Suzlon’s hopes soar in China
November 26, 2010

Suzlon, India’s largest wind energy company is planning to set up offshore wind projects in China within the next three years. “The current target plan is to start in 2013,” Tulsi Tanti, Chairman Suzlon told Bloomberg in a phone interview. The Ahmedabad-based company is currently looking for a Chinese partner to build offshore wind projects, he added. The Chinese market which is big on green energy is expected to generate 5,000 megawatts of orders a year. Suzlon also has preliminary estimates showing India may have the potential to produce 25,000 megawatts of power from wind farms at sea, especially in areas off Tamil Nadu and Gujarat states. India’s offshore market is also expected to develop within four years. However currently India remains way behind China, in 2009, India added 1,271 MW installed wind power capacity while China added 13,000 MW.
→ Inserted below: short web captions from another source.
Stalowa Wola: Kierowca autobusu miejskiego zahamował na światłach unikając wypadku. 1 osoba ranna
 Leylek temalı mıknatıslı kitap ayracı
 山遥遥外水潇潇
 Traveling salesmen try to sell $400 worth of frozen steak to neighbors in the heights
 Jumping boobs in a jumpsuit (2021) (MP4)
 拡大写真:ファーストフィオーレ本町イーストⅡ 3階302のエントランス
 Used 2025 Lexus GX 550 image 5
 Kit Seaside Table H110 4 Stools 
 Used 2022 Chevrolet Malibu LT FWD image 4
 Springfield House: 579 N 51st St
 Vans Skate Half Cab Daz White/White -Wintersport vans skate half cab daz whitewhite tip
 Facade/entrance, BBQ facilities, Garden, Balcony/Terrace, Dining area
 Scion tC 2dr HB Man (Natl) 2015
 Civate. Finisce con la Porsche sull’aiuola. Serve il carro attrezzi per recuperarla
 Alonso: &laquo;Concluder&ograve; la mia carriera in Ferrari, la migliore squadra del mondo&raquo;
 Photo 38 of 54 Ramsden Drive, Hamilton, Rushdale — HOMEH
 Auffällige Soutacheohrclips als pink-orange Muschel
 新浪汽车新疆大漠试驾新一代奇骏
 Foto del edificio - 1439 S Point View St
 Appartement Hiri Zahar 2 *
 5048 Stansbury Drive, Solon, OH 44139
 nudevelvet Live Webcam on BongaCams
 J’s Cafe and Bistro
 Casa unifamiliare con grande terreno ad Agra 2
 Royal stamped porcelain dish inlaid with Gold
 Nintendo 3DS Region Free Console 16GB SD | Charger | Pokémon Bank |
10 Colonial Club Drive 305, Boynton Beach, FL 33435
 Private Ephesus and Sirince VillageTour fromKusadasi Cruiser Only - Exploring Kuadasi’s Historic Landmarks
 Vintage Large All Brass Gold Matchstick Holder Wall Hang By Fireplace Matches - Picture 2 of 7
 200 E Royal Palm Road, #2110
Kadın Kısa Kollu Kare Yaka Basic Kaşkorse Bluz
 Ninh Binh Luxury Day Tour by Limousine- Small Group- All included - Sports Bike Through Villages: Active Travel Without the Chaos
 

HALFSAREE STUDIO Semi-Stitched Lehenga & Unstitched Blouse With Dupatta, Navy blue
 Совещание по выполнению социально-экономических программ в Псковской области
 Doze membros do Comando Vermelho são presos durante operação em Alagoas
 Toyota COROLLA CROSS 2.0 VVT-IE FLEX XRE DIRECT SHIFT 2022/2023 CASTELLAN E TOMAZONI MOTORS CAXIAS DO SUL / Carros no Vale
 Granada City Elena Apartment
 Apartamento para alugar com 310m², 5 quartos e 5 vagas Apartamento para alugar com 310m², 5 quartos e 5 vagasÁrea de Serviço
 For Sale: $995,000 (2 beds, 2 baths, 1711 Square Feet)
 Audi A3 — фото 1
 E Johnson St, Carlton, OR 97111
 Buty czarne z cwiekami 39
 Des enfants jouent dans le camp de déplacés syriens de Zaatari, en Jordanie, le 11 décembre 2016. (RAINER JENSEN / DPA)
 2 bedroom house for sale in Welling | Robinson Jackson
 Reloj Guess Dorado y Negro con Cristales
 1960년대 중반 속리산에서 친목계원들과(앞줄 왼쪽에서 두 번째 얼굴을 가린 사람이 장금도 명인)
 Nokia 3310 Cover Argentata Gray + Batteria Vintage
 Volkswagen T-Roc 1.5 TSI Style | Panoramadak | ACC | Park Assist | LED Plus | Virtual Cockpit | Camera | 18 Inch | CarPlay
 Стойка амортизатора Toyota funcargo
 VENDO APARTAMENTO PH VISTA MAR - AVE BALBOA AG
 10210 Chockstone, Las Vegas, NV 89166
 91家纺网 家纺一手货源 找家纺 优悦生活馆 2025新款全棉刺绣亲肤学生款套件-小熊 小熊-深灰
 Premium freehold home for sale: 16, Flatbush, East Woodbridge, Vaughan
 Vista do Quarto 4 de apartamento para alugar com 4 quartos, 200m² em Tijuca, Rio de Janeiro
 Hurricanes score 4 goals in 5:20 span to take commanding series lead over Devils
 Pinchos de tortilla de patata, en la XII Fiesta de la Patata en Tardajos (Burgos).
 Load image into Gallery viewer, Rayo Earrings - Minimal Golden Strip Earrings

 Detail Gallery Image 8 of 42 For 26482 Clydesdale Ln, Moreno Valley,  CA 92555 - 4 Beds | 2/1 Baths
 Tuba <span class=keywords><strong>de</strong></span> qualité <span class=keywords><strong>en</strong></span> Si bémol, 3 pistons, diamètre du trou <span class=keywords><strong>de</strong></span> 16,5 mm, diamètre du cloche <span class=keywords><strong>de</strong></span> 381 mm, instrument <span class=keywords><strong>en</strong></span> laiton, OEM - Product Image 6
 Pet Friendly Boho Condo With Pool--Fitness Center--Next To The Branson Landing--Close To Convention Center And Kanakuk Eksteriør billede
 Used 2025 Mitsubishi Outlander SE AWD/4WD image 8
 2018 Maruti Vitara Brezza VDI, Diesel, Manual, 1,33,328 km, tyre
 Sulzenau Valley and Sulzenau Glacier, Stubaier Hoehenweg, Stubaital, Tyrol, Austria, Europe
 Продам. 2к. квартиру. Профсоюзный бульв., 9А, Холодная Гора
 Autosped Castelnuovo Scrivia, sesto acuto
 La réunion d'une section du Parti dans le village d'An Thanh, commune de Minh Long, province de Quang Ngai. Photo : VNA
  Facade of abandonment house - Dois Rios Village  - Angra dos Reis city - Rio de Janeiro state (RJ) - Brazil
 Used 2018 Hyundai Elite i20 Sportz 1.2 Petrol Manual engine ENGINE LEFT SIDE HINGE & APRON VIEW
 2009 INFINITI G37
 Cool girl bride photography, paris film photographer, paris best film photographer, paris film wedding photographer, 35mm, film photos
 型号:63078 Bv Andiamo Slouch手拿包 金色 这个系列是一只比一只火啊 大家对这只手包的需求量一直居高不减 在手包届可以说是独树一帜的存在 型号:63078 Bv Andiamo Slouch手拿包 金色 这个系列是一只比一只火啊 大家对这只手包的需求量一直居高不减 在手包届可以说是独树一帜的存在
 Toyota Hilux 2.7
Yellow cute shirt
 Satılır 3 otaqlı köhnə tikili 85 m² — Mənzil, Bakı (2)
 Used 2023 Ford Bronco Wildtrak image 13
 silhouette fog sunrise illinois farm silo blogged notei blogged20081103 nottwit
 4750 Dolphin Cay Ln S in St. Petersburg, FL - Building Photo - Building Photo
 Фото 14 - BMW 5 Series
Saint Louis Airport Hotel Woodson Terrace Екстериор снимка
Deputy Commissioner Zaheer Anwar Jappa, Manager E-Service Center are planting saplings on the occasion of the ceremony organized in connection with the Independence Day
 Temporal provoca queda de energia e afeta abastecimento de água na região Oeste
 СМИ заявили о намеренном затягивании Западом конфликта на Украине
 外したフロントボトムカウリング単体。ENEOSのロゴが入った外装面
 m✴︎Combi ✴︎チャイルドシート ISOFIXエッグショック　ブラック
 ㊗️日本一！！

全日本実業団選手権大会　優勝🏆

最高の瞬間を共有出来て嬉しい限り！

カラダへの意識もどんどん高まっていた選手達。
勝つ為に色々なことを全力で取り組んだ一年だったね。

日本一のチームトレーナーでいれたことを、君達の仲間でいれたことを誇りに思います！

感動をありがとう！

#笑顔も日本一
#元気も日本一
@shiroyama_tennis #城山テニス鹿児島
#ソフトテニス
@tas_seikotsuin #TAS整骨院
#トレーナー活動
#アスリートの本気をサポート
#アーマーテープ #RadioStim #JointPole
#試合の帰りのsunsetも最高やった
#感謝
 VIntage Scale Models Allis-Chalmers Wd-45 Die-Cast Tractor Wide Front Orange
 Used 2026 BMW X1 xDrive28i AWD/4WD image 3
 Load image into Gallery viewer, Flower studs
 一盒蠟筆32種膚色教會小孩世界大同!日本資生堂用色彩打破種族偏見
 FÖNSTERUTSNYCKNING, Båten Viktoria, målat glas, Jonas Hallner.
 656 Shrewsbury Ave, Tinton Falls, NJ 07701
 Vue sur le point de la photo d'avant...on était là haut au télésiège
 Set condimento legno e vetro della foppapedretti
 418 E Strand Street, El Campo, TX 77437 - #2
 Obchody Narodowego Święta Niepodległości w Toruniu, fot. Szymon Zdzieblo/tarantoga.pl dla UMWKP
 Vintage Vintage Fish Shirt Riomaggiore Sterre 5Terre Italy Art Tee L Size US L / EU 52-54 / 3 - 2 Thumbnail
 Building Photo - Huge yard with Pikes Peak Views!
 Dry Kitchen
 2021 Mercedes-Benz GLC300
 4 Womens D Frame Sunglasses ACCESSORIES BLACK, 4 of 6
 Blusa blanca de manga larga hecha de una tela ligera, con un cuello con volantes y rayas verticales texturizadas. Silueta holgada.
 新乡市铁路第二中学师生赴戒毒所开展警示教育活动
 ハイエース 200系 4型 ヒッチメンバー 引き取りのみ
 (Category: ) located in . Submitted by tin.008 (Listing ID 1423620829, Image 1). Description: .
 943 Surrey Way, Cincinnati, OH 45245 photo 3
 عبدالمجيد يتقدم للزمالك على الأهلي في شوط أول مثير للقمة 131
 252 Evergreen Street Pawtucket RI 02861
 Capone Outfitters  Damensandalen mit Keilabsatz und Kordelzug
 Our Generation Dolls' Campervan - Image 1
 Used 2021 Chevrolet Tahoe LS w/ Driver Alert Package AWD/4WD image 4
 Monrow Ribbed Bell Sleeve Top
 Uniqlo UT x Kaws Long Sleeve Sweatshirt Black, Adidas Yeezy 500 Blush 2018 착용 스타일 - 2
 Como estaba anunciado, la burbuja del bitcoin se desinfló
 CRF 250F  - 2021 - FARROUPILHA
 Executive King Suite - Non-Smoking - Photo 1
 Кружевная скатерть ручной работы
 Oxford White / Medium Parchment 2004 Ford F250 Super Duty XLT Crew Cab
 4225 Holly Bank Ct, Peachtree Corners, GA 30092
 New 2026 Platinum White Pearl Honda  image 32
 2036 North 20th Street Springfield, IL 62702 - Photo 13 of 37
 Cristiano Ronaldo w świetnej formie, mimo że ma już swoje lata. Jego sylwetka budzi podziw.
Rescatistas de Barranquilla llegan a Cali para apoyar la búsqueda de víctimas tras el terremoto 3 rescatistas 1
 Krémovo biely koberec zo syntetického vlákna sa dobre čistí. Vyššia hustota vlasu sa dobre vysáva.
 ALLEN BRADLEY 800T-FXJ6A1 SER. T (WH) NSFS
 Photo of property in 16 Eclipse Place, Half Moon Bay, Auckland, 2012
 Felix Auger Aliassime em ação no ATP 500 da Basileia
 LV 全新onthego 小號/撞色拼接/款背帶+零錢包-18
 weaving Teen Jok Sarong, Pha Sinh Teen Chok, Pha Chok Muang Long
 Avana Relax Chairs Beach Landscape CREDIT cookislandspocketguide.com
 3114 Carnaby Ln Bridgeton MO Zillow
Tapping into the massive potential for green, clean energy a prerogative in Beijing hasn’t come easy for Suzlon, which is based in Tianjin, on China’s north eastern coast. The Indian headquartered company recently hired their first Chinese CEO He Yaozu. Mr He’s has been a senior adviser to China Machienary New Energy and serves as a non executive director of China Green Power. He’s mandate is to increase Suzlon’s footprint in China by localizing the company, much like Chinese firms Huawei and ZTE have had to do in India.

“Right now, the perception in China is that Suzlon is an international company, but Suzlon China is a Chinese company, with Chinese manufacturing facilities, Chinese staff and a Chinese supply chain,” He said. “Now, the last piece is installed, a Chinese CEO.”

“Going local”, Mr. He said, was crucial in the domestic player-dominated China market. The company would position itself as a firm “with German technology, but China prices.”

Suzlon, which has invested more than US$300 million in China over the past five years, has been executing contracts up to 1 GW and now has a 3.4 percent market share. It has struggled to compete with bigger Chinese players, who have cornered around 80 percent of the wind power market, and Western firms like Vestas and GE. The Suzlon Group is now ranked eighth in the fast-growing wind sector in China.

While western and Chinese firms control a majority of the market, Suzlon believes that customers will see the value in their products as the market matures. Right now, quality of wind turbines is low, maintenance is high and the market hasn’t matured enough to demand better quality at higher prices. However, He told the Hindu that he believed the Chinese market was now maturing with an increasing emphasis on quality, against the backdrop of a shifting policy focus from rapidly increasing installed capacity to sustaining electricity generation. “If you buy a turbine that lasts you for 10 years, 25 percent of its lifetime is under repairs,” he said. “If you pay a little bit more, and you have a turbine with a 15-year life-cycle and 95 percent reliability, it doesn’t take a rocket scientist to figure out the economic returns.”

Suzlon has big plans for China. It plans to open a research and development centre in Tianjin and as part of its going local initiative, it will also launch value-added services, including providing consulting and financing support to foreign companies which are looking to set up wind farms in China.